Filosofia de jogo. O futebol pelos olhos de Jesus

Filosofia de jogo. O futebol pelos olhos de Jesus


Técnico explicou ideias e modo de trabalho em palestra em 2013. O i recupera as declarações para mostrar o que o Sporting quis contratar.


Jorge Jesus tem tanto de excêntrico como de reservado. No banco de suplentes, desdobra-se em indicações repletas de gestos bruscos e chega a invadir a zona delimitada do treinador adversário; em conversa, não gosta de revelar mais do que o estritamente necessário. “Acho que temos de partilhar o saber com as pessoas mas foram trinta anos a queimar pestanas. Algumas coisas vão ficar sempre para mim”, afirmou no momento do arranque da palestra que deu em Março de 2013 na Faculdade de Motricidade Humana, a convite de Manuel Sérgio, o professor que lamenta que “os treinos que ele [Jesus] dá não se possam transformar em aulas universitárias”. “São modelares”, elogia.

Durante cerca de duas horas, Jorge Jesus abriu o jogo. Com algumas fronteiras, é certo, mas ajudou a perceber a forma como olha para o futebol. Desde os cinco fundamentos (criatividade, saber operacionalizar, liderança, organização e paixão) à forma de pensar sistemas e modelos de jogo, ou simplesmente prioridades nas novas aventuras.

A palestra mereceu amplo destaque na altura mas o i decidiu recordar os pontos essenciais agora que o treinador voltou a mudar de clube e vai encontrar uma realidade diferente das anteriores. De alguma forma, ajuda a entender o tipo de impacto que o futebol em Alvalade poderá sofrer, tanto de organização como de modelo de jogo.

O Início O sonho de ser treinador ganhou um novo capítulo com a Laranja Mecânica. “Tinha uma forma de jogar que me apaixonava e queria saber como é que aquilo se fazia”, confessou. Jesus estagiou com Cruijff em Barcelona para entender o 3x4x3 mas reconhece que é muito difícil de operacionalizar. “Os jogadores têm de fazer mais do que uma posição e nem todos têm essa cultura táctica”, afirma.

Sistema de jogo O Benfica jogava em 4x3x3 quando Jesus chegou em 2009 e agora a situação no Sporting é semelhante. O novo técnico dos leões não é um fã do sistema por entender que é o mais fácil de anular. Por outro lado, recorda que “o sistema não são números”. É o tal fundamento, a criatividade, que serve de início de tudo, do modelo de jogo ao de treino passando pelo de jogador. “É a partir daqui que começas a montar o sistema e o posicionamento dos jogadores para elaborar o modelo de jogo”, considera, reforçando a obrigação de saber operacionalizar esse modelo. “Montares um treino em função da tua ideia é a tua criatividade. A teoria é a reflexão da prática: quem pratica e não teoriza, só repete. E quem repete não evolui. Quando vou para casa, vou sempre a pensar no que aconteceu.”

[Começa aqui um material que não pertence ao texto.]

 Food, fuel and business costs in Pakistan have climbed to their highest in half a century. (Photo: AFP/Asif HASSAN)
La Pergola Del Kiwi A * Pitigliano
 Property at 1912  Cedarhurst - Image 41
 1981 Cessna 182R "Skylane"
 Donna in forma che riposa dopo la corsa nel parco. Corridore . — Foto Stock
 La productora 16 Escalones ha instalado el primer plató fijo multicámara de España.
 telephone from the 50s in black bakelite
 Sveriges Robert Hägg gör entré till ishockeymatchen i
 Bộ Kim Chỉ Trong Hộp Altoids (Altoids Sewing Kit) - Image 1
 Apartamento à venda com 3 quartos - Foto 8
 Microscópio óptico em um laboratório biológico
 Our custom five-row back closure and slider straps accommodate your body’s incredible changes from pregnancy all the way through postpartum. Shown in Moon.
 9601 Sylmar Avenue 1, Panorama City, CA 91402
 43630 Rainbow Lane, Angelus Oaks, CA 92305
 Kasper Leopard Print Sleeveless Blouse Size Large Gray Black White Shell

Escolha do capitão Jesus não mexeu no estatuto de Luisão na Luz mas não por uma questão de antiguidade. “O que interessa é ter um capitão que consegue perceber as ideias da equipa, não só do ponto de vista disciplinar como do ponto de vista táctico. Para mim, quando está no jogo, é o treinador dentro de campo. Nunca um me disse para substituir um jogador, mas se acontecer, eu faço-o logo. Como capitão, cheguei a dizer isso”, assume.

Primeira abordagem Jesus não se vai adaptar aos jogadores que terá no Sporting mas sim o inverso: “Onde chego, tenho uma ideia de jogo, um modelo de jogo, olho para os jogadores e para as suas características e faço com que entrem dentro do meu modelo de jogo e ideias. Acredito que faço dele o jogador que quero para o meu modelo.”

prioridades na construção “Começo sempre por uma ideia pela forma como olho para o jogo e pela forma como quero que a minha equipa jogue, no processo ofensivo e defensivo”, afirma, dando depois o passo seguinte: “Trabalho a equipa por sectores, individuais e colectivos, trabalho os jogadores na componente individual. Depois começamos a trabalhar entre sectores colectivamente.”

Defesa vs. Ataque Defender é fácil, atacar não. “Quando vires uma equipa a defender mal, podes pôr em questão o treinador. Aí é ele que tem a grande responsabilidade. Nas minhas equipas, os jogadores não correm quando acham, mas sim em função das ideias que eu quero que a equipa tenha. No ataque é que lhes dou liberdade para criar. Quanto mais puderem inventar melhor, mas obrigo a equipa a dar-lhes criatividade posicional para as coisas serem mais fáceis. Trabalhamos dentro destes princípios e é tudo muito bonito, mas o treinador é como o jogador: sem talento não dá em nada.”